Apple Supplier Foxconn Aims to Double Jobs, Investment in India: Details

Apple Supplier Foxconn Aims to Double Jobs, Investment in India: Details


Apple supplier Foxconn aims to double its workforce and investment in India by next year, a company executive said on Sunday.

Taiwan-based Foxconn, the world’s largest contract manufacturer of electronics, has rapidly expanded its presence in India by investing in manufacturing facilities in the south of the country as the company seeks to move away from China.

V Lee, Foxconn’s representative in India, in a LinkedIn post to mark Indian Prime Minister Narendra Modi’s 73rd birthday, said the company was “aiming for another doubling of employment, FDI (foreign direct investment), and business size in India” by this time next year.

He did not give more details.

Foxconn already has an iPhone factory in the state of Tamil Nadu, which employs 40,000 people.

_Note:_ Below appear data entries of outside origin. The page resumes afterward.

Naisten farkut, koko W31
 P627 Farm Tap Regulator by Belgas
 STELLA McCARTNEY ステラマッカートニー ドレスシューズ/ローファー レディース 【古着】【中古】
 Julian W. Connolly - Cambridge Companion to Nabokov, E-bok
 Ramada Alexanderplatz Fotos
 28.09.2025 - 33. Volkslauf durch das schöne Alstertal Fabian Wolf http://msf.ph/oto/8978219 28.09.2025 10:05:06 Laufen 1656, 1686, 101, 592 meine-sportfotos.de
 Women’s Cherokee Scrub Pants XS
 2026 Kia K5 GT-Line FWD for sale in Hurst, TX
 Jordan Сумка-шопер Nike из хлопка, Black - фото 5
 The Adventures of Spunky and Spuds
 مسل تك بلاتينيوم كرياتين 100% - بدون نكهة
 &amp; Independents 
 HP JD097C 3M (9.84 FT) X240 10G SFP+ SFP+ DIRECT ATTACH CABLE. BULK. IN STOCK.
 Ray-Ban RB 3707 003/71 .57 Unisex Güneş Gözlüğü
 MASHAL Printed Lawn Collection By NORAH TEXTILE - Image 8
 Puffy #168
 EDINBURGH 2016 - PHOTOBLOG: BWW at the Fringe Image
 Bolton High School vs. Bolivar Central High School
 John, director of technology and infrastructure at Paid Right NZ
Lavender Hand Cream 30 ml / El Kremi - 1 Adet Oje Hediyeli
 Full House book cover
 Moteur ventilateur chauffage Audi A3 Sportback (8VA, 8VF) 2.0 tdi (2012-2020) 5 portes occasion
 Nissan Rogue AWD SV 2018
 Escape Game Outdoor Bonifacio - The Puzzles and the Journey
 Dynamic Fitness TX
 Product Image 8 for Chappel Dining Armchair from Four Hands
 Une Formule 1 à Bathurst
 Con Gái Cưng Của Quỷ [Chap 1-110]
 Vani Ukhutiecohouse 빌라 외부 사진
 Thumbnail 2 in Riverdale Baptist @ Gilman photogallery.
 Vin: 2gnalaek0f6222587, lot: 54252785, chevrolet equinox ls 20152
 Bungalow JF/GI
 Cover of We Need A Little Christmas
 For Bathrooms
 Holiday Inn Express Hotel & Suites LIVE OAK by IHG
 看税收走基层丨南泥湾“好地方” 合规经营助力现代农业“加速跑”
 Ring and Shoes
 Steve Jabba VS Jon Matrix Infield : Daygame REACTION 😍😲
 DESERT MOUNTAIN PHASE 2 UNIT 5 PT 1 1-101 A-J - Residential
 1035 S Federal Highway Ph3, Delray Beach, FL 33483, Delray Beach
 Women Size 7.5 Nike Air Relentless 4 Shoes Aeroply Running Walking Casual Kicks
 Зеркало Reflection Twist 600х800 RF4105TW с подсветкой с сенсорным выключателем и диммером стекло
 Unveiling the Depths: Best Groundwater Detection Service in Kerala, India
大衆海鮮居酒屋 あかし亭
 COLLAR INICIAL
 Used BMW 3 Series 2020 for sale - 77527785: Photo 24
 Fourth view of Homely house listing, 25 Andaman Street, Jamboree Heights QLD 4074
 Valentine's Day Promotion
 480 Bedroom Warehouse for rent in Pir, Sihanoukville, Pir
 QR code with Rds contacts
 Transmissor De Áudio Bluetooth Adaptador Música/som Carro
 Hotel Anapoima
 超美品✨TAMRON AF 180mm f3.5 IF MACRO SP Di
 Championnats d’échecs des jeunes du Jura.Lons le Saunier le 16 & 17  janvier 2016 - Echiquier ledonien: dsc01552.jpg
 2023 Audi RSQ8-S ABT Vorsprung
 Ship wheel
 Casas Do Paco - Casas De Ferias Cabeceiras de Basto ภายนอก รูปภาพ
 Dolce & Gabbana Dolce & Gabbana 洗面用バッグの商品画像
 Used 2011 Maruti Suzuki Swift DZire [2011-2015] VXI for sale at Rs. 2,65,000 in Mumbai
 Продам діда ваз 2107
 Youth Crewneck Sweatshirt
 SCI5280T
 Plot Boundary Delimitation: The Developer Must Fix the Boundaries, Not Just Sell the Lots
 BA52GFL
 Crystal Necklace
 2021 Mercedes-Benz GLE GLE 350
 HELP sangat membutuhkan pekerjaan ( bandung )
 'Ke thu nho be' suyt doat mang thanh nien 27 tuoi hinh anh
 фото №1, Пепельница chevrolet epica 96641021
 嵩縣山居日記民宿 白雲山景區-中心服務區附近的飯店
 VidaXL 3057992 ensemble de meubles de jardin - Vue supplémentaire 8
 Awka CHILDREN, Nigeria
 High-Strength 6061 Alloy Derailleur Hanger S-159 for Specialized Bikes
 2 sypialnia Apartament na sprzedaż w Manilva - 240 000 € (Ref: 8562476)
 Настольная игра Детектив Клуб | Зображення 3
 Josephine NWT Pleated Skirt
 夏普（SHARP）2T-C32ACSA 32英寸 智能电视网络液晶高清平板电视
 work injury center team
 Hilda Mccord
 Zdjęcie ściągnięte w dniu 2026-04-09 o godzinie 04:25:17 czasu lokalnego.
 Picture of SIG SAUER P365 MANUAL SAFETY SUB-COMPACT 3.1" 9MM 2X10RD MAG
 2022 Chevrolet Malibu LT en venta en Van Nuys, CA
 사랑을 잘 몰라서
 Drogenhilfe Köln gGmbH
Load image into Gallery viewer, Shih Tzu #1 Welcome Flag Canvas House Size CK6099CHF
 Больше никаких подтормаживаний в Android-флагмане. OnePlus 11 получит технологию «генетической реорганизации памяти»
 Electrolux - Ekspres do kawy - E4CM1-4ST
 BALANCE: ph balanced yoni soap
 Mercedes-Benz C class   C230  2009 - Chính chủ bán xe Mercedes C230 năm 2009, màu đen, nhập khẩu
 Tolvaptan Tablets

In August, the state of Karnataka said Foxconn will invest $600 million for two projects in the state to make casing components for iPhones and chip-making equipment.

Some $350 million (roughly Rs. 2,890 crore) will go towards setting up the iPhone component unit which will generate 12,000 jobs, while Foxconn will tie up with Applied Materials in a $250 million (roughly Rs. 2,064 crore) project to make chip-making tools, the government had said last month.

The company also plans to invest Rs. 1,600 crore ($194.45 million) to build a campus in Kancheepuram district, near the Tamil Nadu’s capital of Chennai.

The company’s Chairman Liu Young-way said in an earnings briefing last month that he sees a lot of potential in India, adding: “several billion dollars in investment is only a beginning”.

Foxconn reported a 1 percent drop in second-quarter net profit, as global economic woes hurt demand for smart consumer electronics. The Taiwanese company said net profit for the April-June quarter slipped to TWD 33 billion (roughly Rs. 8,578 crore) from a revised TWD 33.29 billion (roughly Rs. 8,654 crore) in the same period the previous year.